SPECIAL EVENTS: So you aren't getting on the environmental bandwagon since [former U.S. vice president] Al Gore came out with his anti-global warming film, “An Inconvenient Truth,” last year?

SIMARD: Not at all — Al Gore is following us! We started this long ago. Remember, [environmental organization] Greenpeace started in Canada. So this is nothing new for us.

But what we have been saying all along, our approach is not cookie-cutter. We really cater to our clientele. When traveling to one of our hotels, our customers expect some local flavor — local ingredients, local cuisines. That is not new. But we are now saying to our hotels, to restaurant menus and to catering, when you can provide an organic choice or product, please do so. Make the effort.

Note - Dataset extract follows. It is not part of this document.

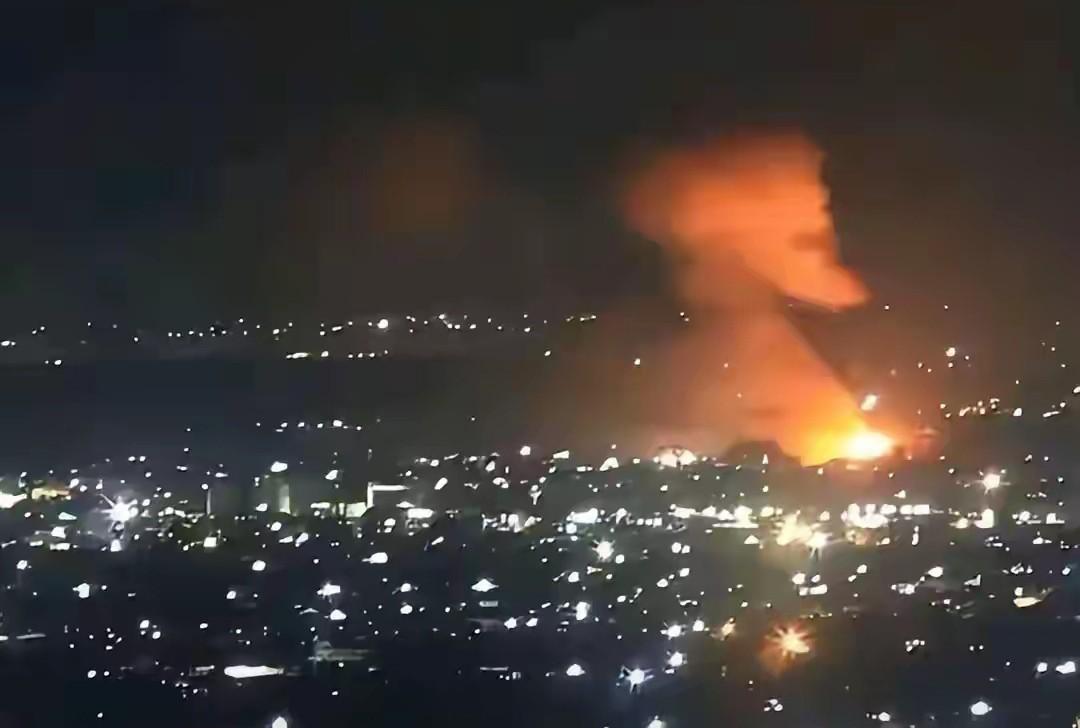 第21波打击！伊朗通报全球，美军航母被炸？特朗普开始急了当地时间3月5日，伊朗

How can they do this? They partner with local farmers, and it is going very well. Everyone is very excited. So many products are out there, and they really want to work with us. For us, it is just a bit more work.

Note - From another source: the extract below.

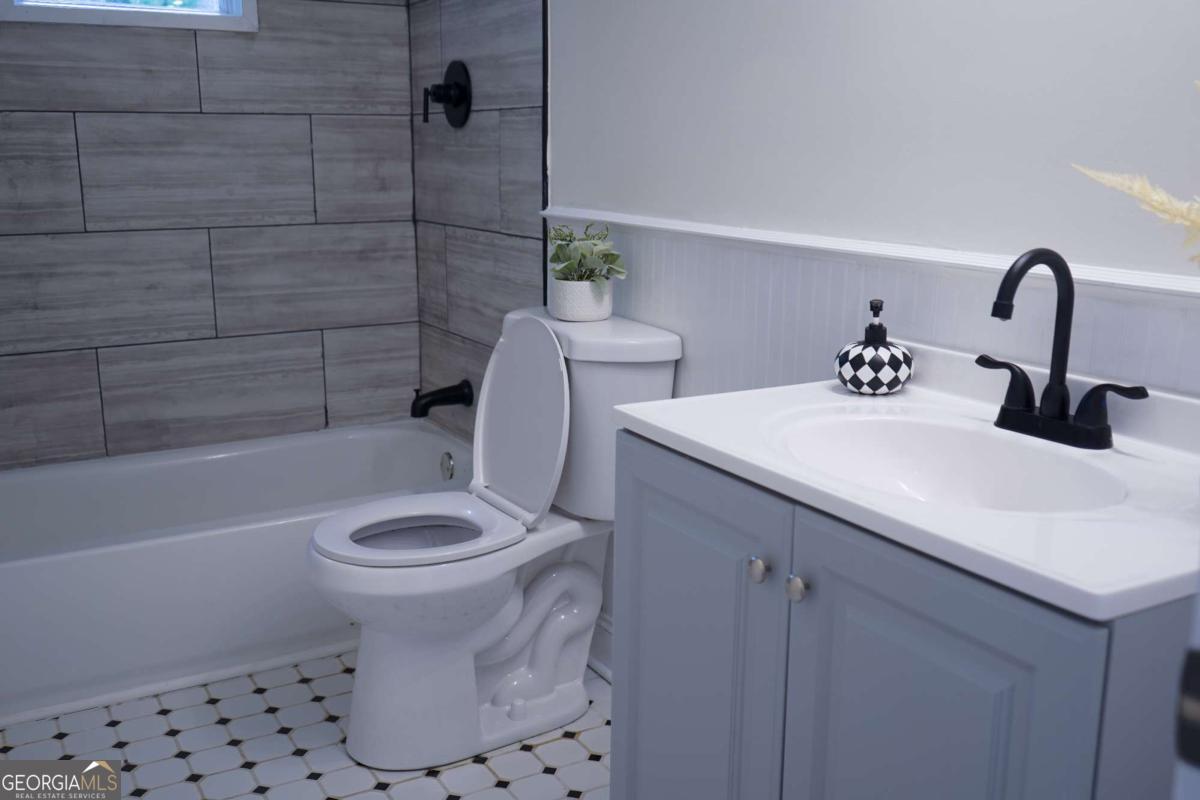 1572 Darwen Lane Property Photo 34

SPECIAL EVENTS: Are product sourcing and purchasing subject to review by corporate staff, or is it the responsibility of individual property?

SIMARD: They write their own menus based on what is available in the local area. The hotel decides to what extent they will go. One property offers a beautiful lunch buffet — the 100 Miles Buffet — because everything on that table came from within 100 miles of that hotel! This is the type of stuff that our hotels can do.

Why are we so good at this? We have many hotels in national parks. We are well aware of the restrictions, the rules to be environmentally friendly. We are good to nature. Our “eco-meet” program [which includes waste recycling, water and energy conversation, and measures to protect air quality] is about 15 years old. When meeting planners book in our hotels, ask about our program. Whenever we are practicing any kind of environmental program, it is really helpful for us.

SPECIAL EVENTS: Do you need to implement training for culinary staff to buy and cook with sustainable products?

SIMARD: There is no special training needed — it's just more work for our people to search for ingredients. The corporate environmental director came and said, “This is how you do it, how you're supposed to think about it, but it's up to you to find the farmer, the producer, the supplier, to help you out.”

And actually, the recipe really doesn't change. If anything, it's even more flavorful. There is nothing like a great tomato in August, which is local and all that. You don't have to do too much to it.

SPECIAL EVENTS: I imagine that sourcing sustainable product is going to be more expensive — do you think that will be true?

SIMARD: The cost — the cost is more! Our guests who want an organic menu, they know it will cost more, and they will pay more. We're not saying that the whole menu is organic — that is impossible. We are not there yet! But when it is available and we can make the effort, we are willing to do this.

SPECIAL EVENTS: Social events are so often life's milestones — a wedding, for example. Do you foresee that social clients may be less concerned about sustainable menus than business clients are?

SIMARD: Why not? It's there, it's everywhere — the green, organic push. It's not a fad; it's there to stay. Every month we will have more and more requests for it.

Maybe we're a bit ahead of our time, but this will be the new trend for a long, long time. We're the first hotel to do to this, and we are very, very proud of it.